The first tooth brush ever was made in China in 1000 A.D. Its handle was made of ivory with bristles fashioned from horse’s mane. It was quite expensive back then. Today we enjoy the use of nylon brushes which come in more budget-friendly prices.
Toothbrushes come in various designs such as angled heads, oscillating tufts, and those that change color after a certain period of using it. No scientific study says that any of these designs work better than the rest in cleaning the teeth and removing plaque. The sad truth is that some people just don’t brush their teeth in the most ideal way, often brushing for less than a minute. The optimal technique in brushing your teeth is two to three minutes, using a soft, nylon toothbrush with a long, wide handle and a head that’s about “1 by ½” so that areas off the mouth are easily accessed. The toothbrush bristles should be round-ended so that the gums wouldn’t be injured. Be sure to brush twice a day, after every meal. Be sure to brush your teeth while placing the brush at 45 degree angle and gently brushing outside the teeth, inside the tooth, your tongue, and especially brush on chewing surfaces and between teeth.
Another type of toothbrush is the electric toothbrush, which doesn’t really work much better than manual toothbrushes. This type of toothbrush does entice more people to brush more often. Its buzzing sound and the tingle of it against the teeth encourages its users. It is recommended for people who are injured, disabled, and the elderly who are usually rendered with limited manual dexterity.

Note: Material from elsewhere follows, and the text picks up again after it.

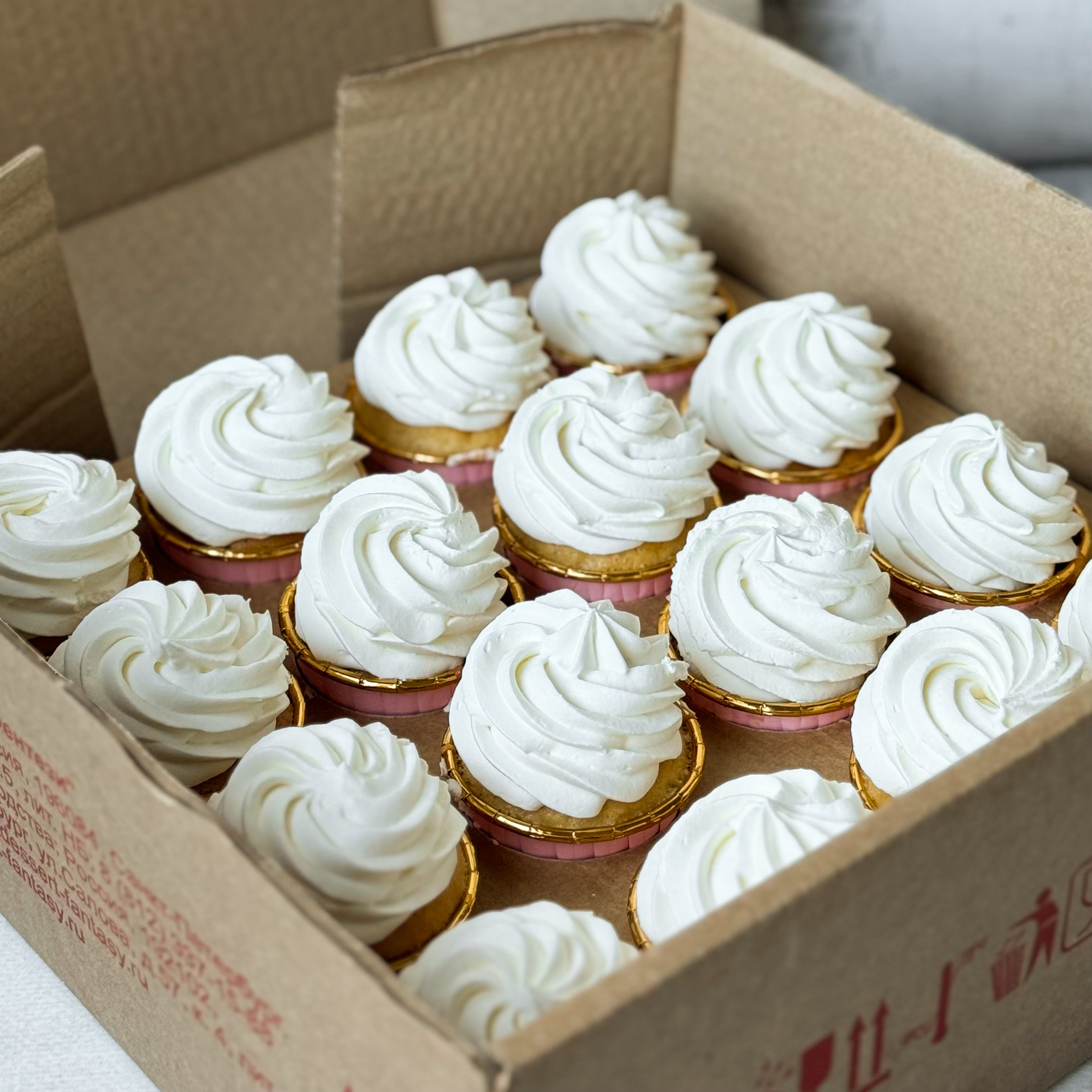 Капкейк Молочная девочка с малиновой начинкой изображение 4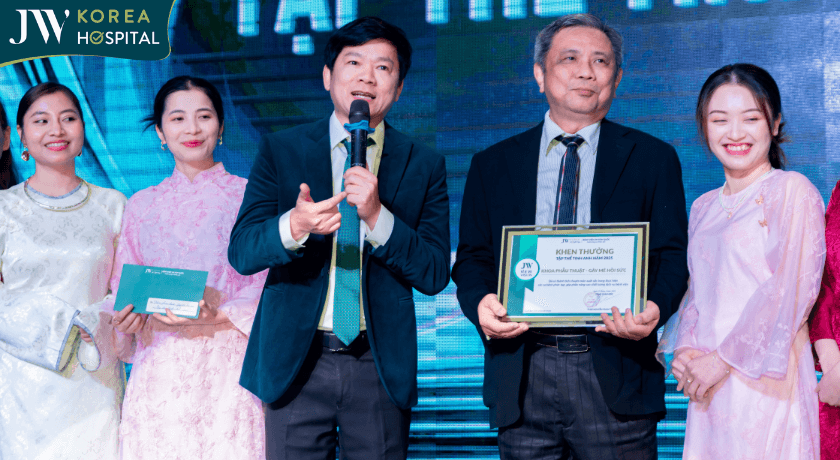 Bác sĩ Tú Dung phát biểu trong trao giải tập thể tinh anh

The electric toothbrush is advantageous because it can cover more area faster but it should be noted that its batteries need to be recharged for 10-45 minutes and should be cleaned daily. Electric toothbrushes cost about $30 to $99.
When using an electric toothbrush for the first time, gum-bleeding should be expected. Bleeding will cease when you learn the proper control and your gums become healthier. Gently navigate the head on your teeth in a slow motion. Just let its bristles do the job. Children under the age of ten should use electric toothbrushes under adult supervision.
Be sure to change your toothbrush or toothbrush head (in electric toothbrushes) every three to four months. Sick people should change their toothbrushes after recovery.
Finally, regular dental check-up, cleaning, and flossing ensure that your gums and teeth are strong and healthy.